As noted, you could also have a prelogin policy (DAP) to check for various files (or even their hash for greater security) registry keys, etc. For instance, you could check that the machine is a domain machine (independent of the user).
04-16-2014 03:18 AM
We're having a similar problem.
We are using two factor authentication by checking computer certificate and username/password (LDAP). This works just fine for the majority of our employees.
Now we are trying to implement an exception for a few users. Those should be able to authenticate by "user certificates" (or better computer and user certificates).
DAP is not an option, due to Essentials license.
Ideas?
11-19-2014 09:27 PM
Hi,
I am trying to implement dual authentication (ldap + computer certificate) base. Currently "LDAP" authentication is perfectly fine but when I am going to implement computer certificate base authentication, so anyconnect showing some error, now it is requested to you kindly send me any URL for the reference "how to implement" or guide me.
Your kind support is required.
09-30-2014 01:20 PM
Hi Marvin,
Can you tell us what would be the parameters to check if it's a domain machine?
How can we tell anyconnect to send machine information?
Thank you!
09-30-2014 05:38 PM
You need to use Cisco Secure Desktop to scan the host and send back the registry key that identifies the domain to which the machine has been joined. An example of how to do so are in this document.
06-01-2021 03:27 PM
Hello
I see that post; but I need a more detalied to perform the configuration similar that is in the subject.
An always-on VPN with Cisco AnyConnect application
Firts -> A machine certificate to create the first connectivity with the ASA that it contains the rootCA certificate.
Second -> A user certificate with SCEP to NDES. Once the user is logged in a corporate machine; we needt that user is allowed with the Active Directory. If the certificate is in the laptop -> OK. If not, use SCEP proxy to get the certificate from the NDES.

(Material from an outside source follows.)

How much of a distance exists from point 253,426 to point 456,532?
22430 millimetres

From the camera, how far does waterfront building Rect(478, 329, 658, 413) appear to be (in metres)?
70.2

Could you give us a clue to deploy that configuration?.
Thank you in advance.
04-07-2014 05:24 AM
I have almost same situation and need a bit help.
I have a ASA5520 and now it is possible to connect to Anyconnect using ether user/pass or machine certificat. But how do i set it up so, that it first check the mashine certificat, and if it is not pressent then it ask for user/pass ?
Discover and save your favorite ideas. Come back to expert answers, step-by-step guides, recent topics, and more.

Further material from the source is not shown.